By Rachel Baldwin
CHARLESTON - Officials of the American Red Cross, Greater Alleghenies Blood Services Region, have expressed concern about the combined effects of this week’s wintry weather and widespread colds and flu on its organization’s efforts to meet collection targets and patient need.
“More healthy blood donors of all blood types are needed, particularly those with type O negative and B negative blood. Colds and flu may be contributing factors to an increased number of donor appointment cancellations,” said John Hagins, CEO of the Greater Alleghenies Region.

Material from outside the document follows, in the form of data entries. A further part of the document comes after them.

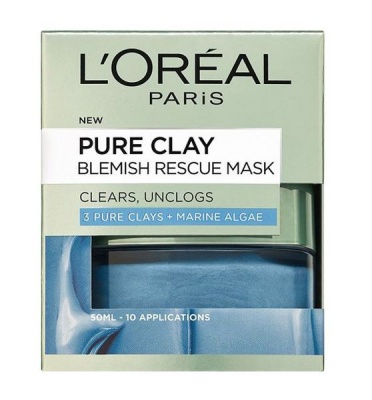 Photo of Loreal Paris Pure Clay Blemish Rescue Clay Mask - 50ml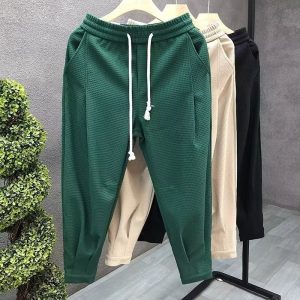 High-grade Elastic Waist Pants For Men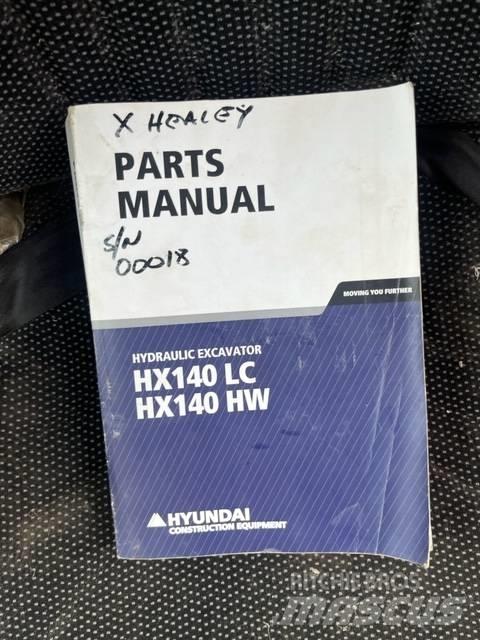 Hyundai HX 140 L Crawler excavators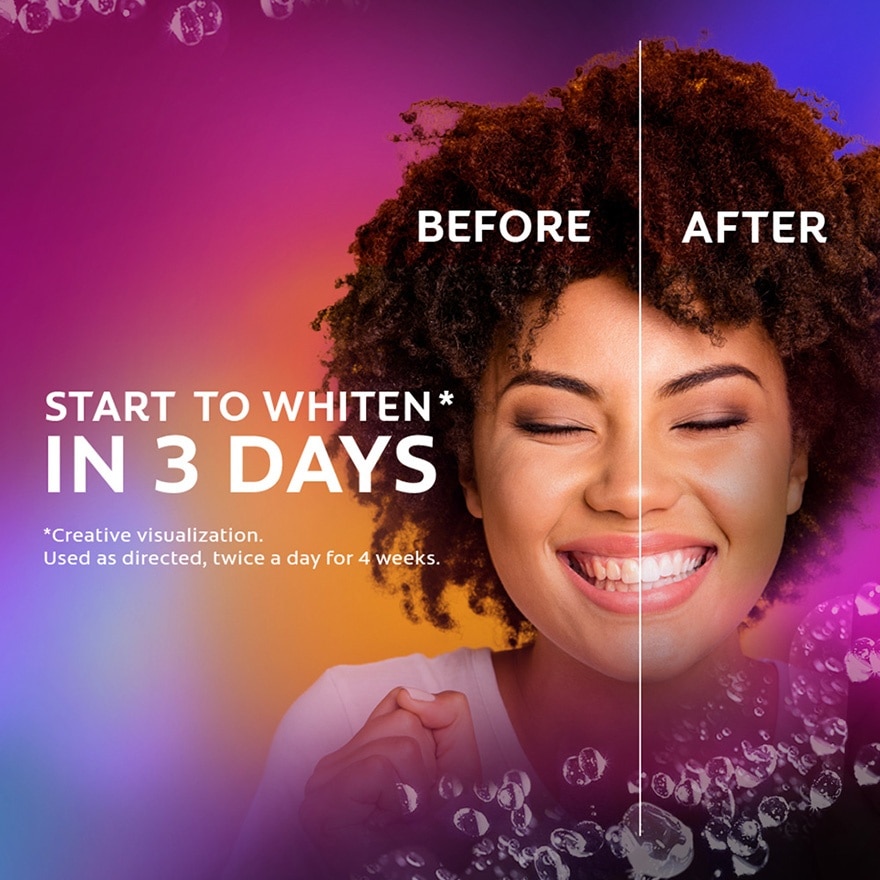 Colgate Optic White O2 Oxygen Whitening Aromatic Menthol Toothpaste 85g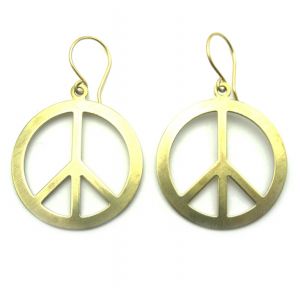 Peace Earrings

He added that this week’s extreme temperatures and periods of snow have resulted in blood drive cancellations and lower-than-usual donor turnout in many portions of the 100-county blood services region.
“Several blood drive sponsors have reported that their usual donors have said the weather has prevented them from donating blood,” Hagins said.
According to the Red Cross, approximately 38 percent of the public is eligible to donate blood, while only a fraction of those eligible donate each year. Hagins emphasized that donating blood will not cause you to be more susceptible to the flu. Your resistance to the flu will not be compromised simply by giving blood. There is no waiting period to donate blood after receiving a flu vaccine, as long as you are feeling healthy and well the day of donation.
With warmer weather forecast for the remainder of the month, the Red Cross urges the public to donate blood at an upcoming Red Cross blood drive. To schedule an appointment to donate, please call 1-800-RED CROSS (1-800-733-2767), or visit redcrossblood.org for more information.
Individuals who are 17 years of age (16 with parental permission in some states), meet weight and height requirements (110 pounds or more, depending on their height), and are in generally good health may be eligible to donate blood. Individuals should bring their Red Cross blood donor card or other form of positive ID when they come to donate.
The Greater Alleghenies Blood Services Region serves blood donors, sponsors, patients and hospitals in 100 counties, and needs to collect about 700 units of blood and platelets a day to meet patient need in 81 hospitals.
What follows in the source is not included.